唐突にきゅっと胸が痛くなった。克己は自分がどれほど悪魔に会いたかったかを思い知った。がむしゃらに抱きつく。
「この馬鹿! 元気でいるならなんで来ないんだよっ! 俺、お前とはあれっきりかもって、何かあったのかってすげえ心配して、こっちの世界も変なことになってるしもう何が何だか」
抱きつかれた衝撃に思わずよろけたが、悪魔の非力さなどお構いなしに克己は強くしがみついた。力を緩めたらまた消えてしまいそうで怖かった。
「ちょっと戻るって言ったらさ、普通、二三日だと思うじゃん。

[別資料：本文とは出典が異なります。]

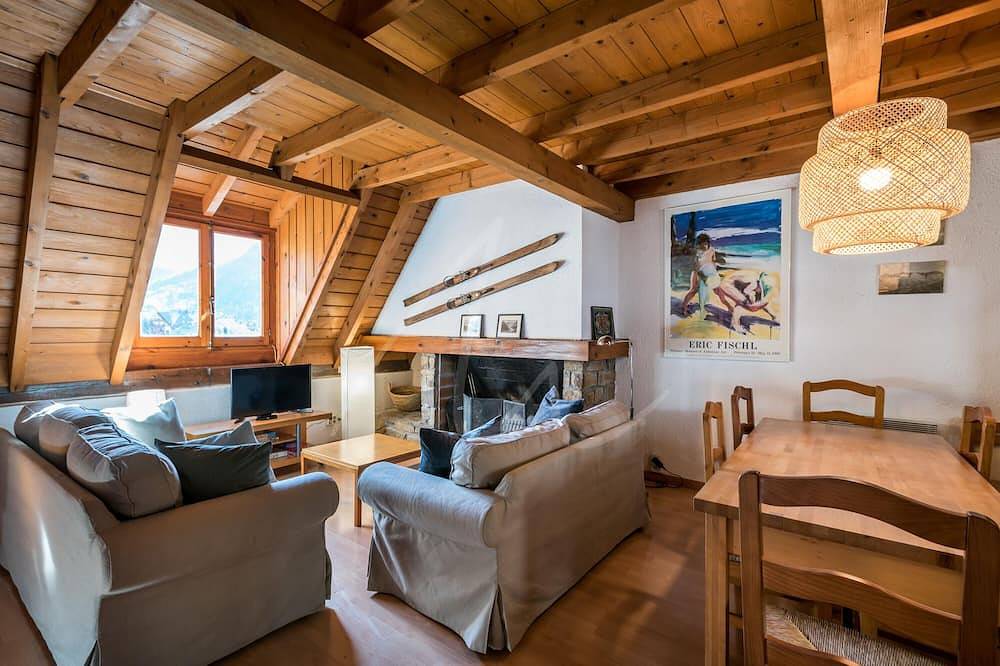 Casa Unhòla in Naut Aran, Baqueira Beret
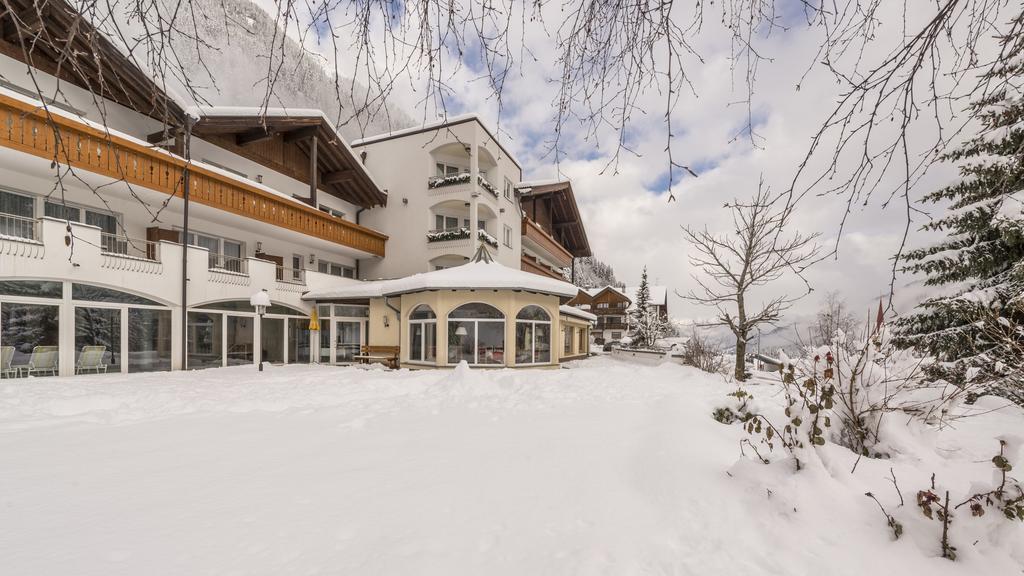Hotel Seeber Racines Esterno foto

それがもう夏だぜ! わかってんのかよ!」
「あー、それはだな、魔族は寿命が長いから人間とは時間の感覚が違うんだ。数か月なんてほんのひとときでな」
バツが悪そうなその声も懐かしかった。克己は嬉しさのあまりさらに強く悪魔を抱擁した。
「意外と怪力だな」
「うるさい! 心配ばっかかけやがって」
「……すまなかった」
克己が動かないので、悪魔も黙ってじっとしている。
ストレートに喜ぶ克己に比べ、素直じゃない悪魔はどんな言葉をかければいいのか見当もつかない。無粋だと思いながら用件を切り出した。
「実はだな、またしばらくここに厄介になりたいんだ。お前の言う変テコな現象を収めなきゃならない」
「太郎が? 大丈夫かよ」
克己はあからさまに驚いた。何しろ悪魔を新米のポンコツだと思ってる。
「ああ。世話になるのに手ぶらも悪いから土産を持ってきた。魔界まんじゅうと魔界絵葉書、銘酒魔界酒もあるぞ。これは旨い。それから宿泊費も払う。今回は経費で落ちるから気にせずふっかけろ」
「おおっ、御泊りですか? いらっしゃいませ!」
久しぶりの宿泊依頼に声が弾む。宿屋の主としては願ってもない申し出だ。とにかく皆、温泉に入るばかりで泊りの客が少ないのである。